Guillaume de Fondaumière : Le joueur, aujourd'hui, a envie de se mettre en avant, de montrer qu'il joue, et comment il joue. C'est pourquoi de plus en plus de fonctionnalités sont orientées sur le partage. Par exemple toutes les consoles proposent d'enregistrer des sessions de jeu et de les partager instantanément. Aujourd'hui sur Youtube, la chaîne la plus populaire n'est pas celle d'une chanteuse pop ou d'un acteur, mais celle d'un blogueur qui met en ligne ses propres sessions.

La deuxième tendance est celle du multi-joueurs : la quasi-totalité des jeux ont des fonctions qui permettent de jouer en ligne, mais aussi de discuter avec les autres joueurs en même temps que l'on joue. C'est une tendance de fond qui continue de progresser.

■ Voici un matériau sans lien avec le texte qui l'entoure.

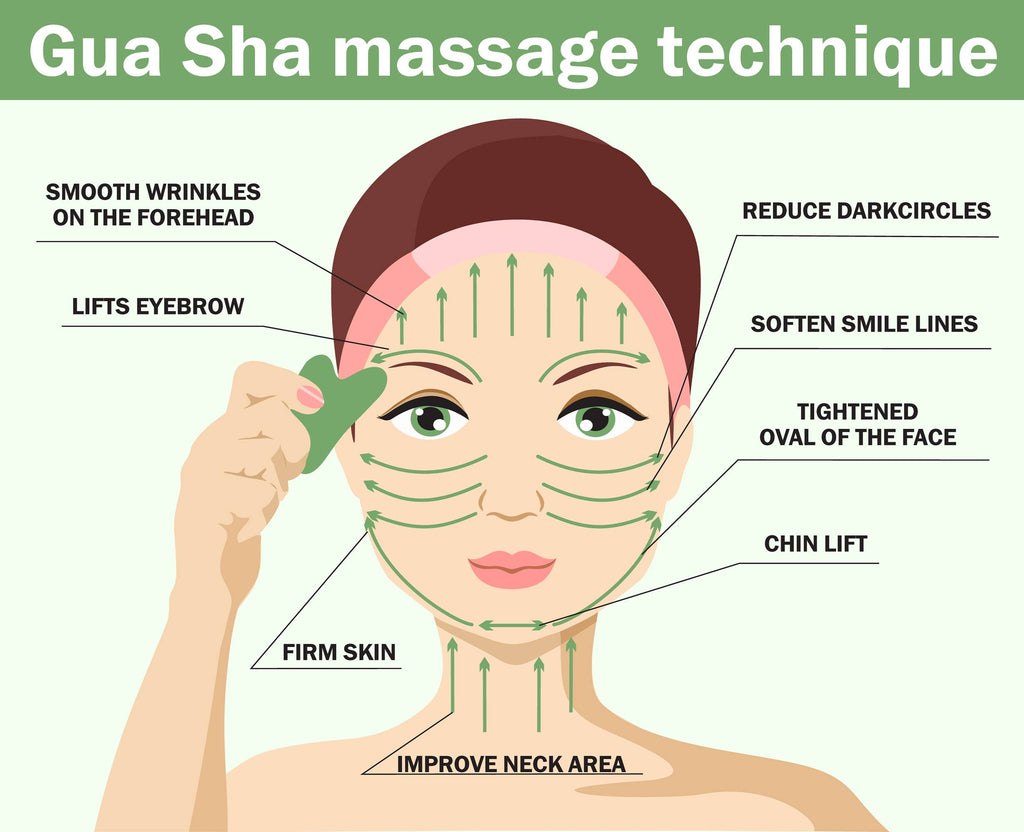 Gua Sha Stone Facial Massage Tool - Rose Quartz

La troisième grande tendance est celle de l'objet connecté. Activision avait lancé cette tendance avec les premiers jouets connectés comme Skylander. De plus en plus de jeux proposent ces jouets connectés, et l'avenir nous réserve encore des surprises.

A quels publics ces jeux s'adressent-ils ?

Guillaume de Fondaumière : Avec Skylander, Activision a proposé une expérience qui s'adressait surtout aux enfants, mais on s'est rendu compte que cette nouvelle manière de jouer avec des objets connectés est en train de se diffuser auprès de tous les publics. Les Français de Hanakai Studio sont en train de développer un jeu qui s'appelle Prodigy, un RPG (role playing game, jeu où l'on incarne un rôle ndlr) orienté vers les adultes. Là aussi, le principe des figurines connectées est repris. Quant aux fonctionnalités de partage et de chat, on les retrouve tant sur les jeux "core gamer" comme Call of Duty que sur Minecraft, pour les plus jeunes.

Qui sont les "gamers", aujourd'hui ? Au niveau sociologique, en est-on resté à une population essentiellement masculine, tournée vers les jeux d'action et de guerre ?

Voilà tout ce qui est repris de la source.